▼▼▼
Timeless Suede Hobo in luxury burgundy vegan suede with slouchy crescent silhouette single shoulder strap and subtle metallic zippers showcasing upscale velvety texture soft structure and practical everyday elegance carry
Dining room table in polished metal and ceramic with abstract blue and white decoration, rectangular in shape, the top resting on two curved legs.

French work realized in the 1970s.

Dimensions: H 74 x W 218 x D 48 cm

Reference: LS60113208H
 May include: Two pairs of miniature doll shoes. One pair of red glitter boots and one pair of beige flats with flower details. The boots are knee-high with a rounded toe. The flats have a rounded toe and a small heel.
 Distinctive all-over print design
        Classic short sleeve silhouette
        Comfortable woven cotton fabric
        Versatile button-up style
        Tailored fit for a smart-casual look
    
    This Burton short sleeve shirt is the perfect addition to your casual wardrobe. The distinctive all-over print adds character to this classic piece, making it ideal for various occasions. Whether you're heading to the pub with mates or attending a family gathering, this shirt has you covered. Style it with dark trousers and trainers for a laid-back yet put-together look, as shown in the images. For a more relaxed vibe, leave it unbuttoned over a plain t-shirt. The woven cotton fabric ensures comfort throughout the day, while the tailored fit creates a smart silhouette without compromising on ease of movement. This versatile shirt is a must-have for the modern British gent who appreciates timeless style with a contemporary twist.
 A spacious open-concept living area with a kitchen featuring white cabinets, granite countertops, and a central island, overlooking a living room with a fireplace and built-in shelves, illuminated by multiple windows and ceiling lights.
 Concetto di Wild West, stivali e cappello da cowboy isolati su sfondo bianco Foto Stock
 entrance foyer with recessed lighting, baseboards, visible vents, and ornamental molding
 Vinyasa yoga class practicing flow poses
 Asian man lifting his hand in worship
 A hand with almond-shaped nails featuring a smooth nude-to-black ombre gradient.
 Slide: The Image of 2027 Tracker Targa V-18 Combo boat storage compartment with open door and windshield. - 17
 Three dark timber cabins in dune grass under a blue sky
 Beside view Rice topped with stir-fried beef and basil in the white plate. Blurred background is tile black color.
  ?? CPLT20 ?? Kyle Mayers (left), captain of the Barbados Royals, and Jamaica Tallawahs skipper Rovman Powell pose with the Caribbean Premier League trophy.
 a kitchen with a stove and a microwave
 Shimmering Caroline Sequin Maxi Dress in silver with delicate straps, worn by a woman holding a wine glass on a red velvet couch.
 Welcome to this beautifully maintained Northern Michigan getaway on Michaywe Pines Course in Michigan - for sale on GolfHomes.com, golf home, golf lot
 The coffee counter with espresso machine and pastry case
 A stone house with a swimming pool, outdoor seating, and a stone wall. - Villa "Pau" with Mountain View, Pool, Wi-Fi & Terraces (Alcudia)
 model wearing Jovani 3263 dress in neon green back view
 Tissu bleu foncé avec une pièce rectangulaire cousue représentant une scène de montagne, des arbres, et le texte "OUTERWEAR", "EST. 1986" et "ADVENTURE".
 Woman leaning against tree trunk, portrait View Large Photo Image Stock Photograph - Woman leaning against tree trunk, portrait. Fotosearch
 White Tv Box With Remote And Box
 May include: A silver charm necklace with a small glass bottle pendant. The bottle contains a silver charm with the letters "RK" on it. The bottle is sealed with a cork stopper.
▲▲▲
### Prompt:
Please count the lines above that contain the string "silver" and reply with the number alone.

### Answer section:
2